67. Prozesstag: Von 'Feuerwalzen' und 'Göttinen' - Polizeibeamte kramen in ihren Erinnerungen

Heute gaben sich eine Vielzahl von LKA- und BKA-Beamten ein Stelldichein zur Zeugenvernehmung. Im gut besuchten Zuschauerraum, heute nahezu ausschließlich ein Zuschauerinnenraum - eine Klasse von Pflegedienstleiterinnen verfolgte das Geschehen -, begann der Reigen mit einem Eklat in Gestalt von Hans-Joachim Löber (56). Löber, 14 Jahre beim Entschärfungsdienst und jetzt als Polizeidozent tätig, beschimpfte die Richterin, weil diese ihn trotz einer Beerdigung hatte zwangsweise vorladen lassen. Danach äußerte sich Löber zu dem nicht gezündeten "Sprengbrandsatz" in dem Fluchtwagen, der für die Beinschüsse auf Korbmacher genutzt wurde.

Sodann wurden die Landeskriminalbeamten Arnold Fischer (57), Jörg Reutsch (42) und der jetzt in Vilnius/Litauen tätige BKA-Mann Rüdiger Richter (39) zum Anschlag auf die Siegessäule und dem dort vorgefundenen zweiten nicht gezündeten Sprengsatz befragt. Während Fischer, der "den ersten Angriff durchgeführt" hatte von Beschädigungen an der "Göttin" zu berichten wusste, sprach Reutsch von einer "Puppe", die auf einer hohlen Säule stehe - "kein Vollmaterial, wäre ja auch statisch sinnlos", so der gelernte Maschinenbauer. BKA-Mann Richter beendete den vormittäglichen Reigen und berichtete, dass er derjenige gewesen sei, der die Feinasservierung der gefundenen Beweismittel unternommen habe.
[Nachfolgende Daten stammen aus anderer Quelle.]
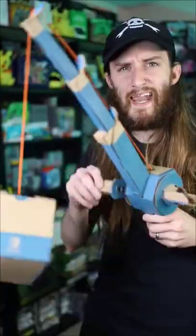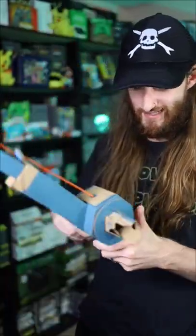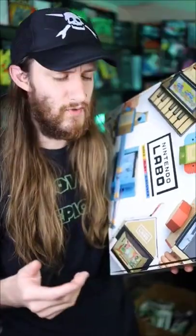I even put together the fishing rod, and it actually works. It's really pretty cool. I built a few other things like the house and the motorcycle, but I just couldn't get myself to build the robot.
Nach der Mittagspause wurden sodann Uwe Igelmann (32) und Uwe Hübel (44) zu den verschiedenen Wohnorten von Sabine Eckle bzw. Rudolf Schindler vernommen. Während Hübel schlicht bei den Einwohnermeldeämtern von Gütersloh und Frankfurt/M. angerufen und so die Meldeadressen Schindlers erfahren hatte, galt es unter den ProzessbesucherInnen als nicht ganz ausgeschlossen, dass der umfänglich recherchiert habende Igelmann sich demnächst das Leben nehmen würde, weil er sich bei einem Dutzend unterschiedlicher Meldeadressen von Sabine Eckle, die diese seit den 50er Jahren gehabt hatte - "das tut mir wirklich sehr leid" -, an eine Hausnummer nicht mehr erinnern konnte.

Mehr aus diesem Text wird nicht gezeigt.